## MATERIAL FOR THIS EXERCISE
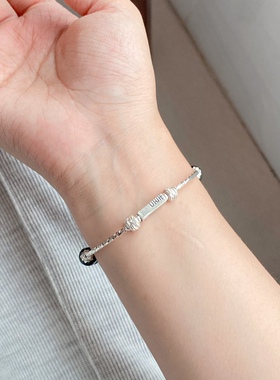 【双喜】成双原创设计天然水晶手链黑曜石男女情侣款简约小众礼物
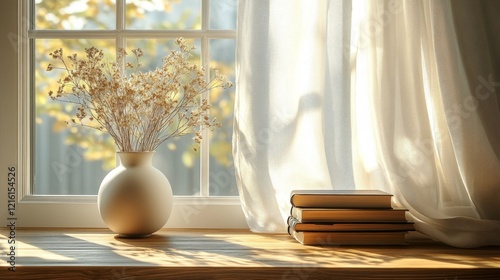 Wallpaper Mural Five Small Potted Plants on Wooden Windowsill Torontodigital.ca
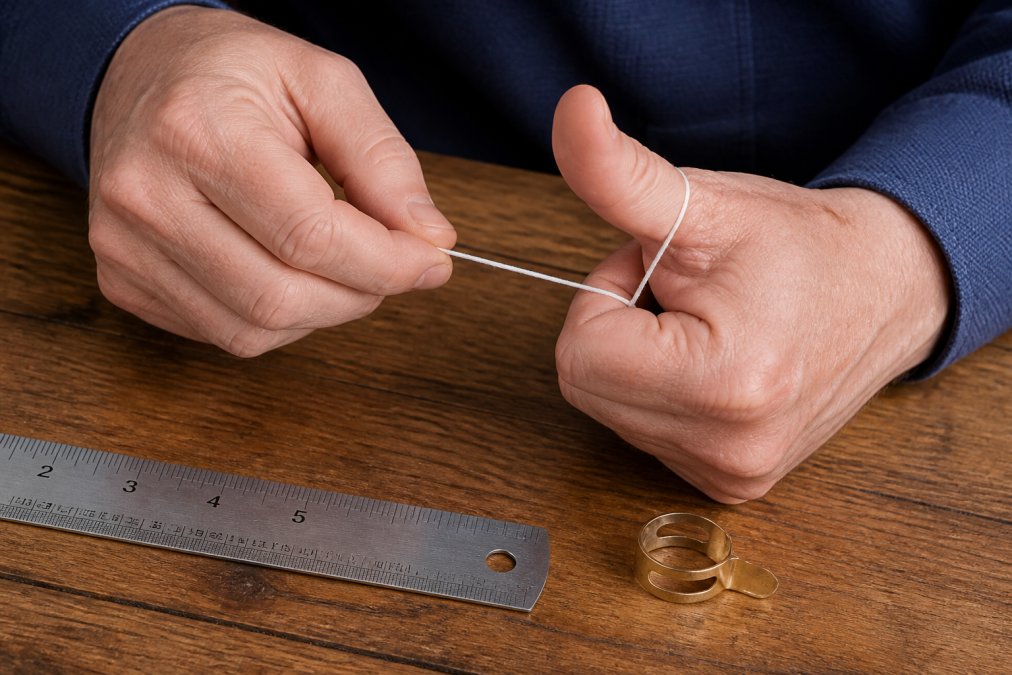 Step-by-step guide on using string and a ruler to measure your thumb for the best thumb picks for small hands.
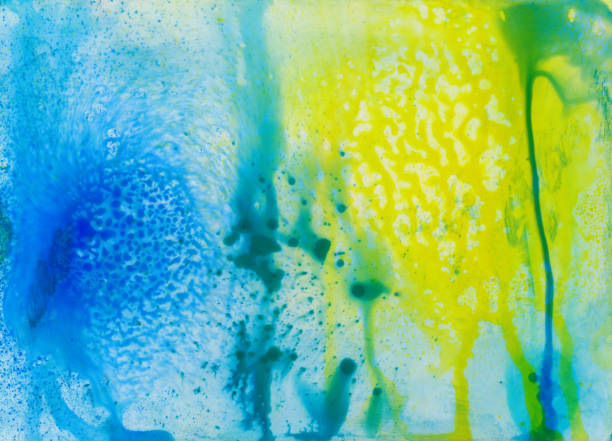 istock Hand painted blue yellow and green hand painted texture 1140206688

* * *

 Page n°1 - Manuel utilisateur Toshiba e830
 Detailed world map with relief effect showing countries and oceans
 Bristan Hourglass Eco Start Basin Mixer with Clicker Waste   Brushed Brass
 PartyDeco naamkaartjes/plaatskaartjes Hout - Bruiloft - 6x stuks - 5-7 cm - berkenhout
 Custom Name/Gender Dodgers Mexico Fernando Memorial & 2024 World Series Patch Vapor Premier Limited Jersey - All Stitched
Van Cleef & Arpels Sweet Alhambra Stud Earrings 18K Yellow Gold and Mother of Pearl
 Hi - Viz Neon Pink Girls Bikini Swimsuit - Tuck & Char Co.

## TRY IT
Using the data above, return each line that includes the word "with".

## ANSWER BOX
 Detailed world map with relief effect showing countries and oceans
 Bristan Hourglass Eco Start Basin Mixer with Clicker Waste   Brushed Brass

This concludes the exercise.